• **Required work**
What is needed is an exact copy of every entry below, minus the images.

[Short descriptive text snippets]
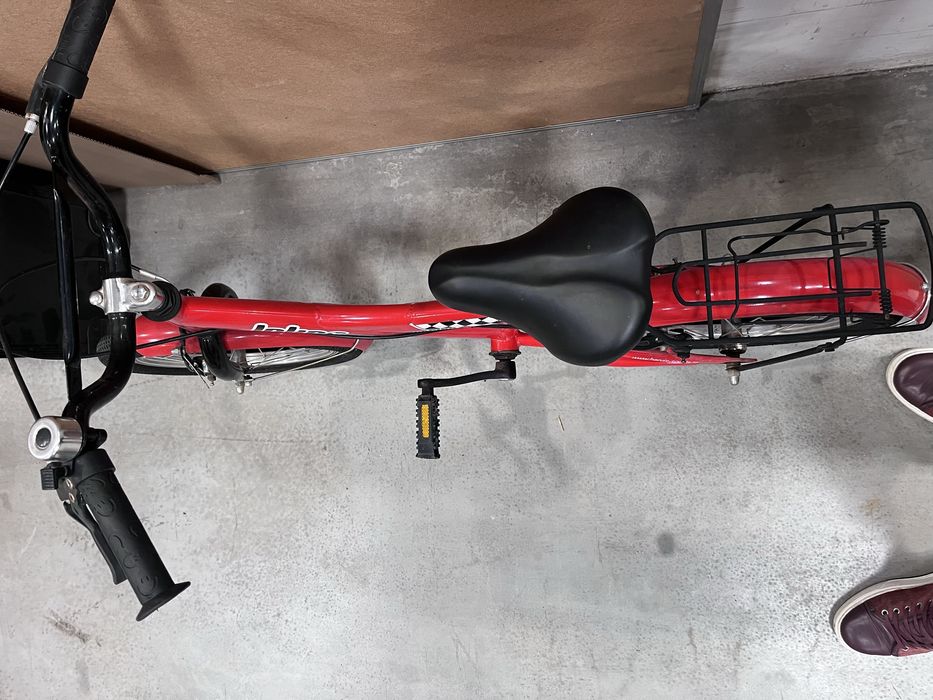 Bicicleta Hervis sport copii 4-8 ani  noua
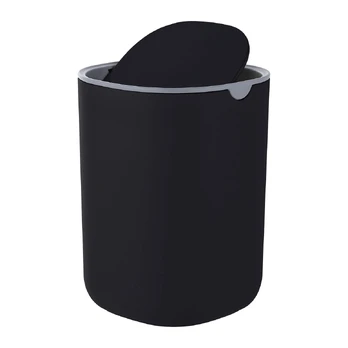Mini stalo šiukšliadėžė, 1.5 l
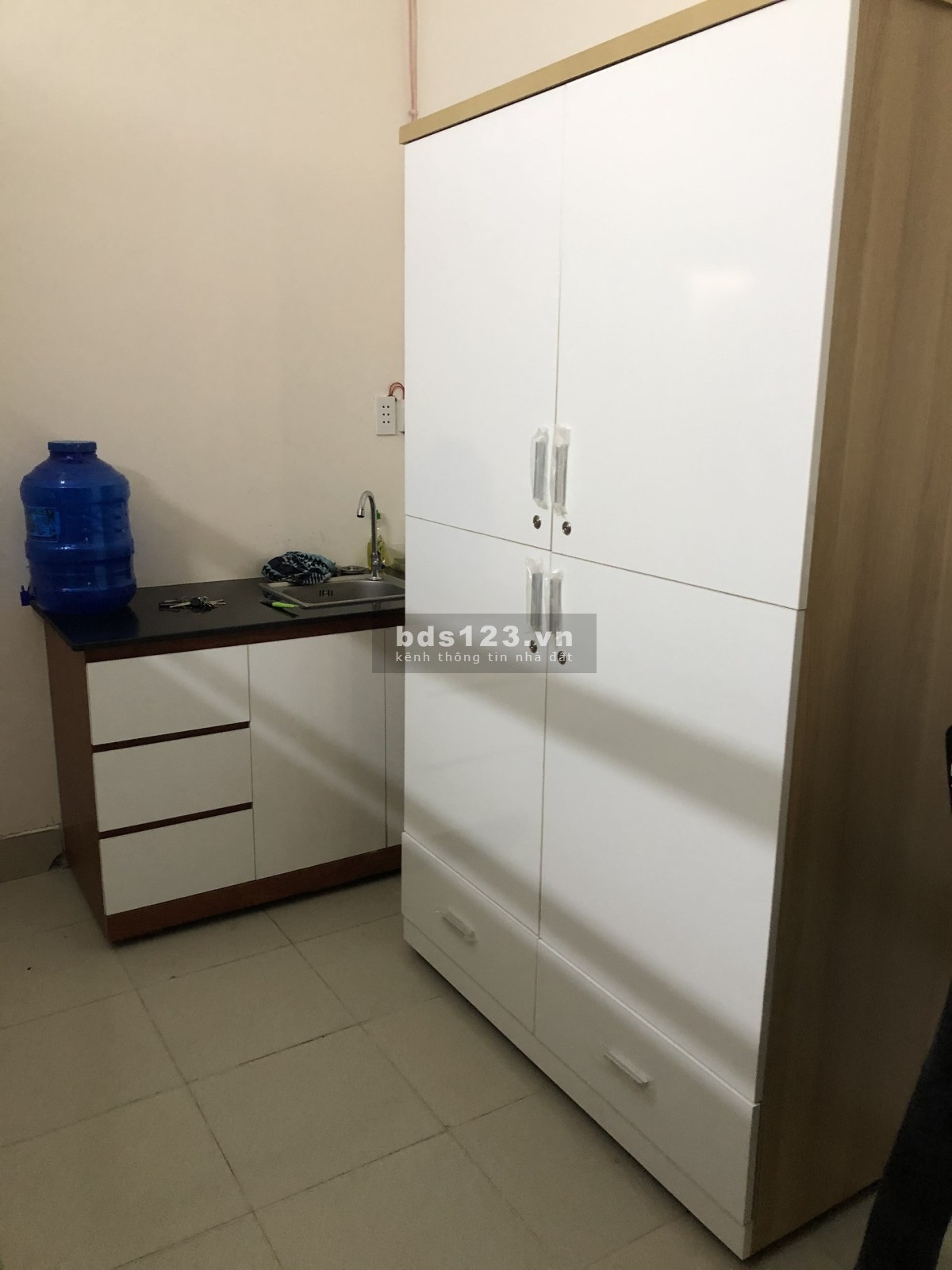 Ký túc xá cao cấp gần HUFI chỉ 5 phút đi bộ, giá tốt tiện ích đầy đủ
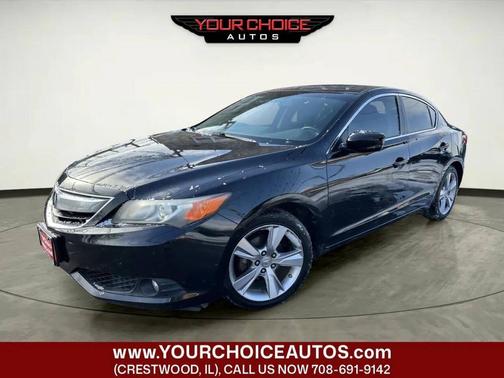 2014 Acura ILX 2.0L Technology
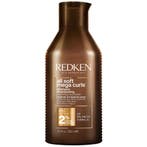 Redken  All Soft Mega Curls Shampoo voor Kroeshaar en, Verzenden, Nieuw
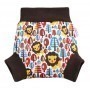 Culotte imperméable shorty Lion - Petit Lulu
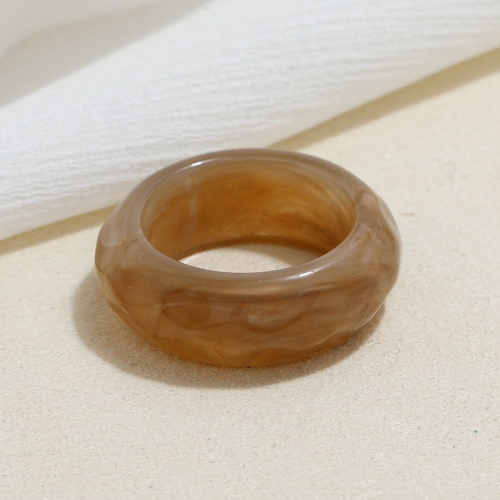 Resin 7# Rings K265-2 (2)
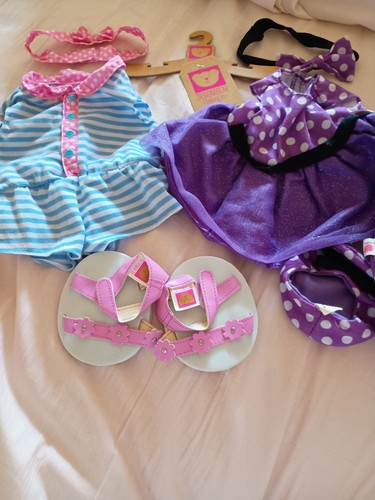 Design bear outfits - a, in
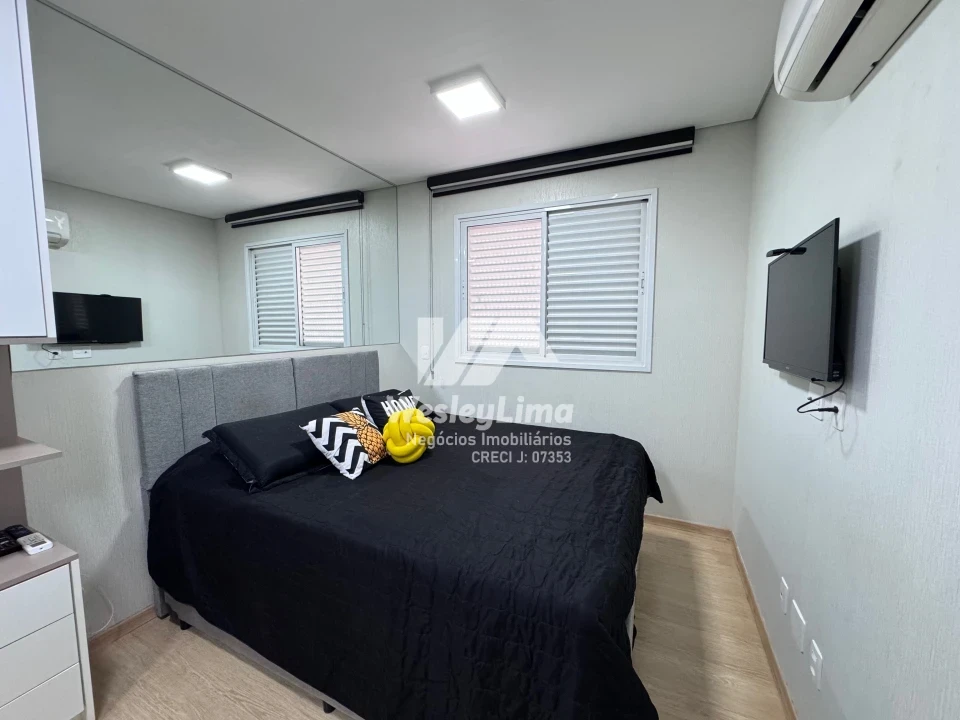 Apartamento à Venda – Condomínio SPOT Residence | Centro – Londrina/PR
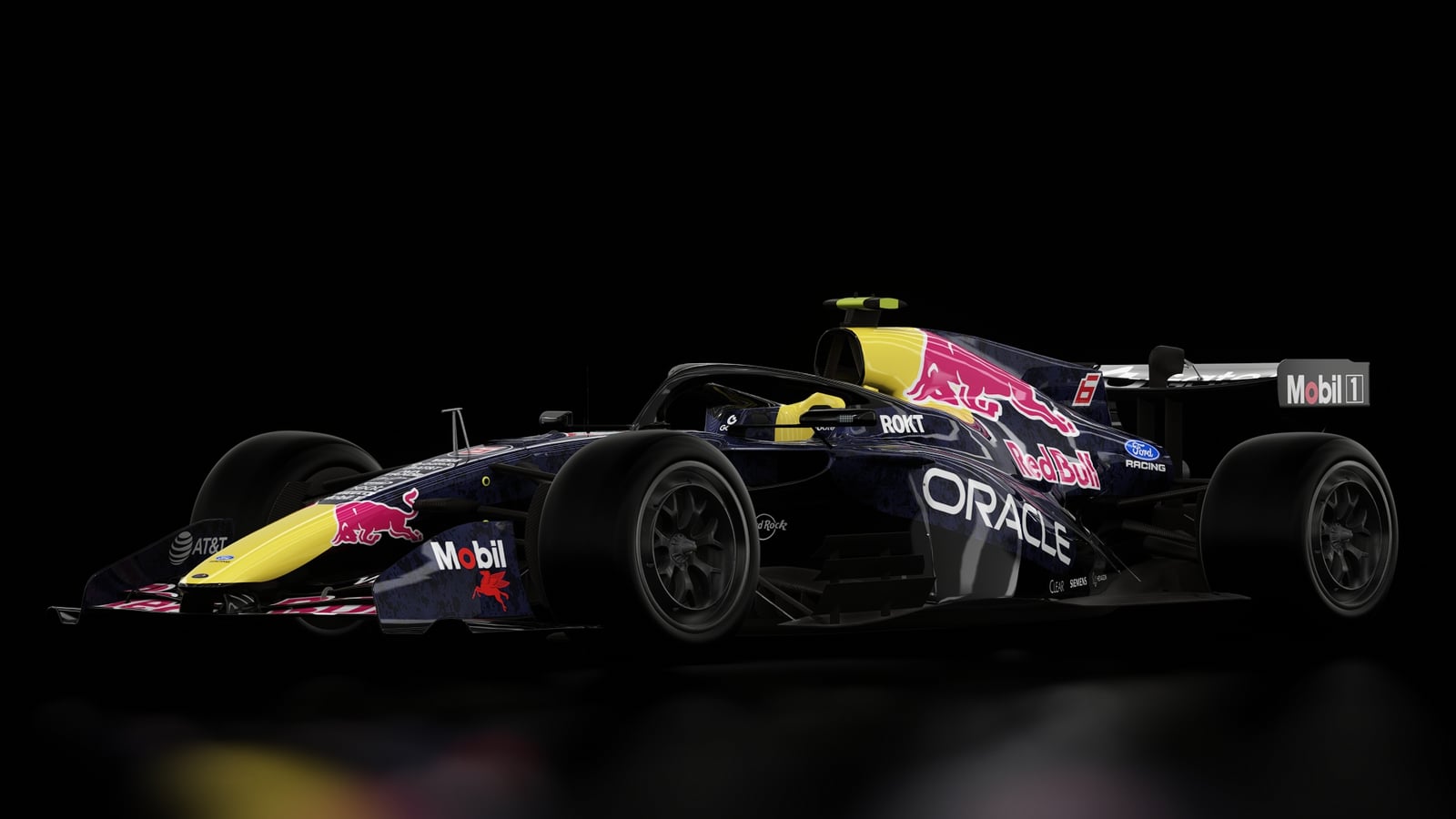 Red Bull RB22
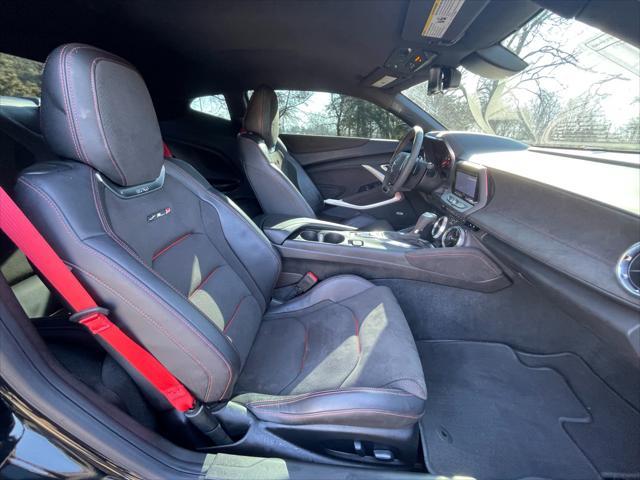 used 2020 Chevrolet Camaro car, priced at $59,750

• **Response box**
 Bicicleta Hervis sport copii 4-8 ani  noua
Mini stalo šiukšliadėžė, 1.5 l
 Ký túc xá cao cấp gần HUFI chỉ 5 phút đi bộ, giá tốt tiện ích đầy đủ
 2014 Acura ILX 2.0L Technology
 Redken  All Soft Mega Curls Shampoo voor Kroeshaar en, Verzenden, Nieuw
 Culotte imperméable shorty Lion - Petit Lulu
 Resin 7# Rings K265-2 (2)
 Design bear outfits - a, in
 Apartamento à Venda – Condomínio SPOT Residence | Centro – Londrina/PR
 Red Bull RB22
 used 2020 Chevrolet Camaro car, priced at $59,750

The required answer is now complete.